Germany: Grand celebration of BVB stadium opening 50th anniversary

source:; author: Paulina Skóra

Germany: Grand celebration of BVB stadium opening 50th anniversary Over the past weekend, Borussia Dortmund fans celebrated the 50th anniversary of the opening of Westfalenstadion. There was a special display, commemorative jerseys, and events organized by the ultra group. However, not everything went according to plan. What happened in Dortmund?


Anniversary display

During the home match held on April 6th, the club and fans paid homage to the iconic stadium, which was opened in April 1974. The entire stadium was covered in black and yellow. Westfalen and Stadion were inscribed on the east and west stands. The grand spectacle began on the south stand, where golden flags formed the number 50, highlighting the best moments of the 50-year history of Westfalenstadion.

43 musicians from the Dortmund Philharmonic Orchestra played the AIDA anthem inside the stadium. The LED screens showcased emotional scenes and the most beautiful goals of the past decades, while the stadium announcer conducted interviews with legends like Jörg Heinrich, Kevin Großkreutz, and former team manager Fritz Lünschermann, who shared memories associated with the stadium.

Return to opening day

This time, it wasn't children escorting the players onto the field. Instead, female teams VfB Waltrop and TBV Mengede took the field, reenacting the prelude match played before stadium inauguration in April 1974. Additionally, Borussia players wore special jerseys honoring Westfalenstadion. These match-worn jerseys will be auctioned off, with proceeds going to the BVB Leuchte auf foundation. However, the night lacked the most important thing—victory. BVB succumbed to VfB Stuttgart with a score of 0:1.

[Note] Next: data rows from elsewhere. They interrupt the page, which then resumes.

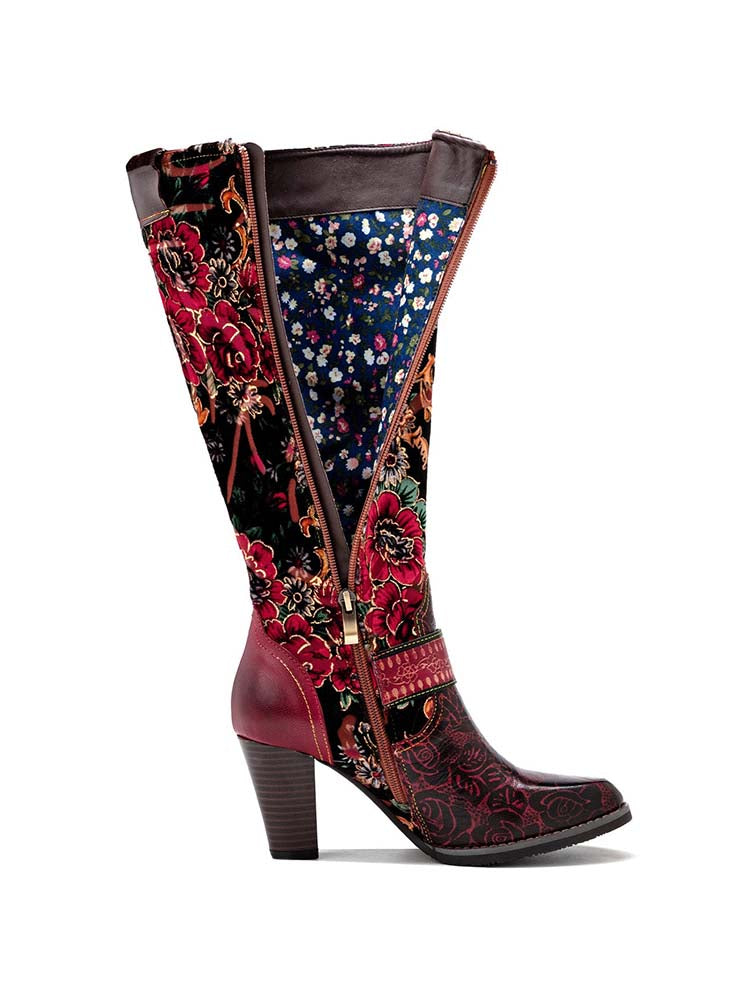 Floral embroidered tall boots with full-length side zipper and red cuff trim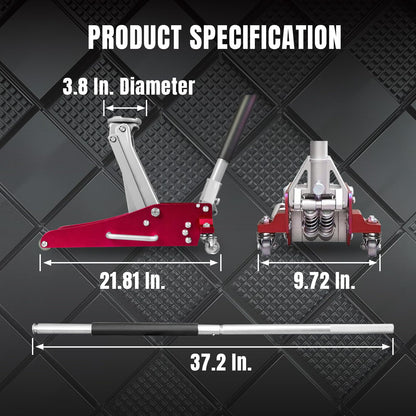Big RED 1.5 Ton Floor Jack,Aluminum and Steel Hydraulic Low Profile Car Jack with Dual Piston Quick Lift Pump,Lightweight Racing Floor Jack for Vehicle,3,000 lb Capacity,Red,TAM815016LR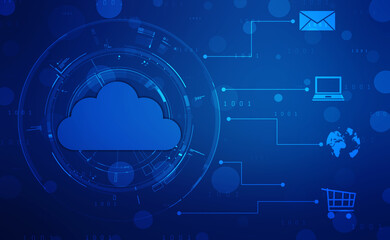 2d illustration of Cloud computing, Digital Cloud computing Concept background. Cyber technology, internet data storage, database and data server concept
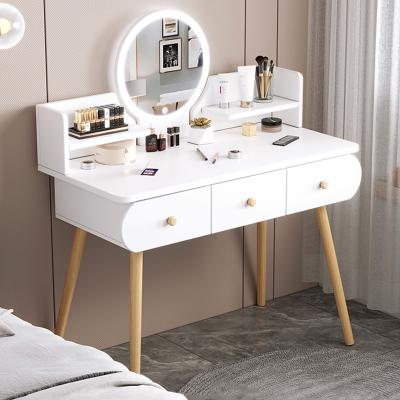 China Bedroom Foldable Smart Radio Dressing Table Mirror LED Makeup Vanity Furniture Princess Filling Vanity for sale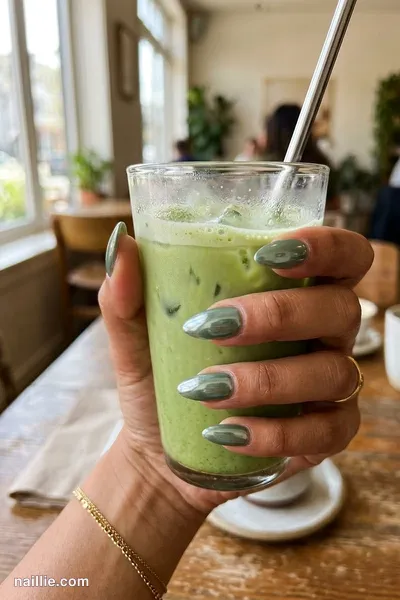 Close-up of almond nails with sage green polish and a mirror-like chrome finish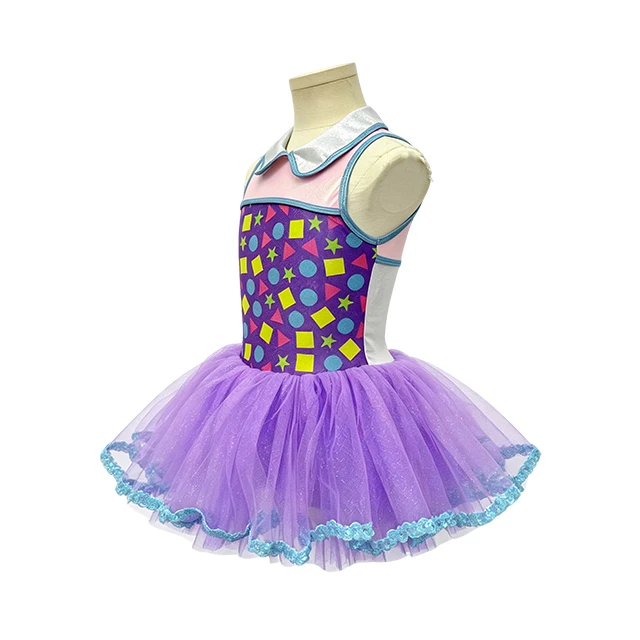 Colorful Geometric Print Collared Kids Tap & Jazz Dance Tutu Dress | XGZ0283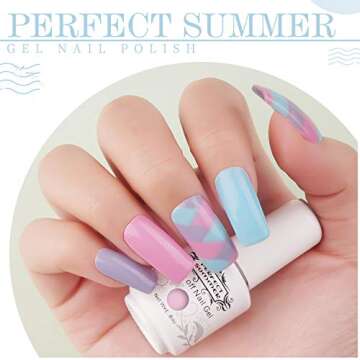 Perfect Summer Semi-permanent Gel Polish 6 Colors Gel Nail Soak Off UV LED Manicure Elegant Collection Nail Set 8ML 035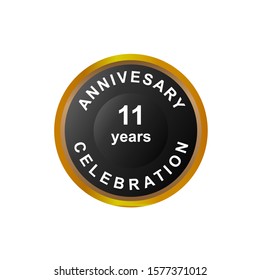 11 years anniversary badge. Vector and illustration. gold and black design - Vector 
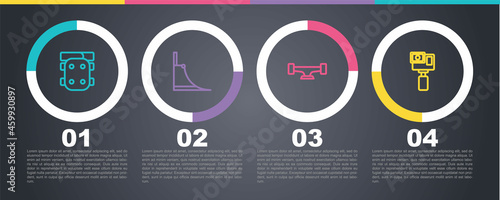 Set line Knee pads, Skate park, Skateboard wheel and Action camera. Business infographic template. Vector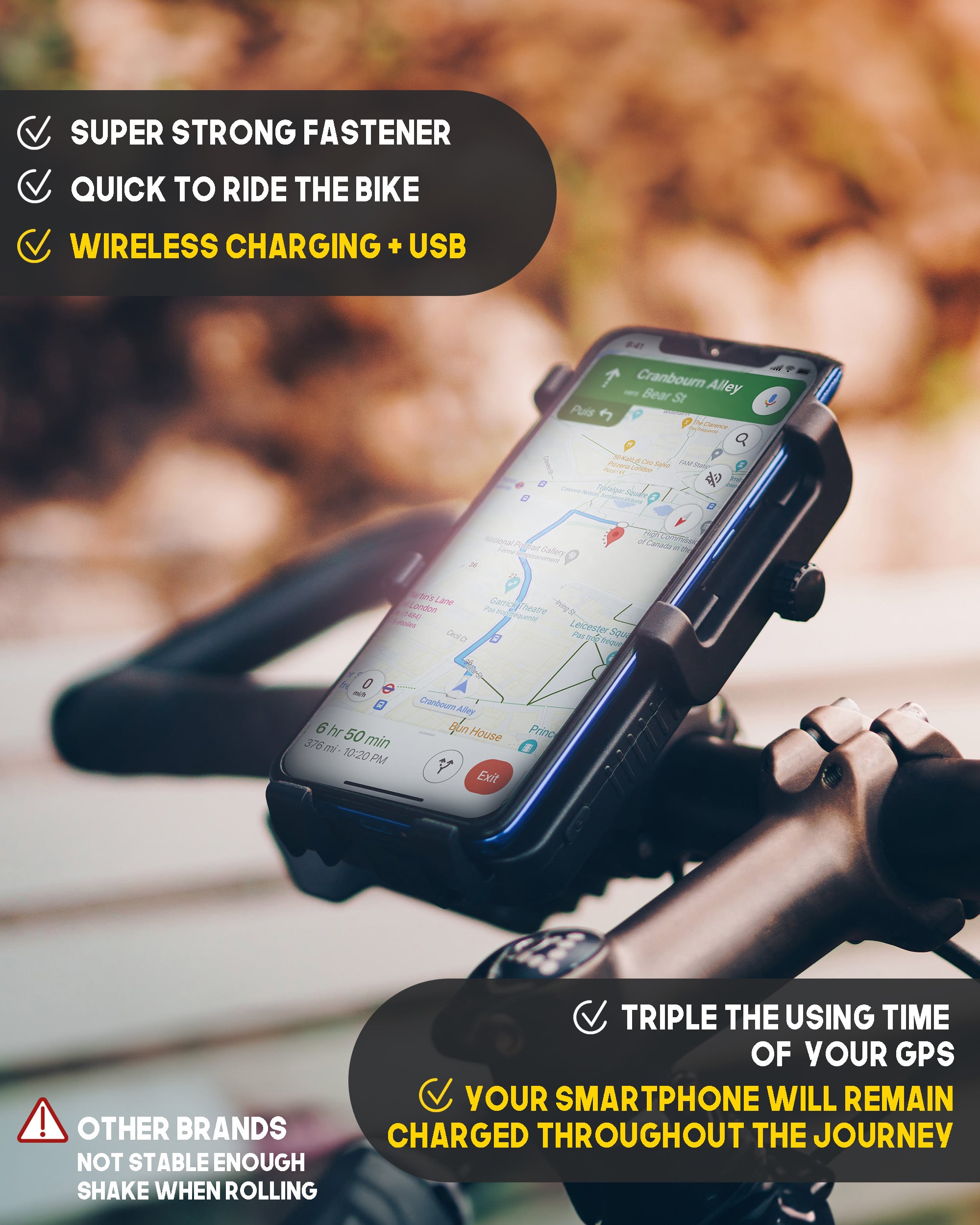 bike cell phone holder with integrated battery : wireless charging+ USB, Super Strong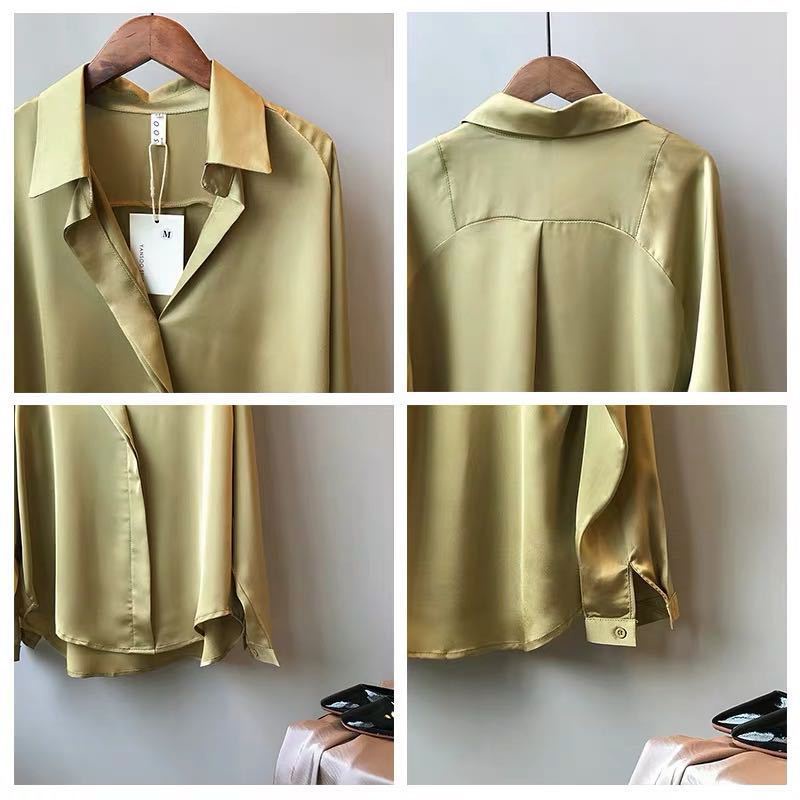 Áo sơ mi lụa nữ bigsize form dáng rộng công sở tay dài cao cấp dày dặn không nhăn mát mịn Hàn Quốc nhiều màu N-2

Signal Iduna Park© Borussia Dortmund

Controversial incidents

The celebrations actually began a few days before the mentioned match. On April 2nd, around 20 individuals set off fireworks and pyrotechnics around the stadium. Police officers apprehended 7 suspects near the site, 4 of whom were already known to the police for football-related violent offenses. The next day, a video appeared online with a disclaimer stating it was solely for documentary purposes and not intended to incite criminal acts.

The footage depicted masked individuals painting graffiti related to BVB and Westfalenstadion on power boxes, walls, and hanging banners across Dortmund. The Signal Iduna Park stop quickly changed its name to Westfalenstadion as well. This did not sit well with the stadium sponsor, Signal Iduna, which has long condemned the use of the stadium's previous name in public spaces.

Signal Iduna Park© Borussia Dortmund

Germany's largest stadium

The history of Westfalenstadion dates back to 1965, when plans for a new stadium for Borussia were first laid out. Built for the 1974 World Cup, the stadium became one of the most famous in Europe. Dortmund financed the construction, which initially accommodated 54,000 people but was expanded several times. For the 2006 World Cup, the stadium was enlarged to 83,000 seats. It is currently Germany's largest football arena. In 2005, due to financial difficulties, Borussia was forced to sell the stadium naming rights to Signal Iduna, renaming the venue Signal Iduna Park.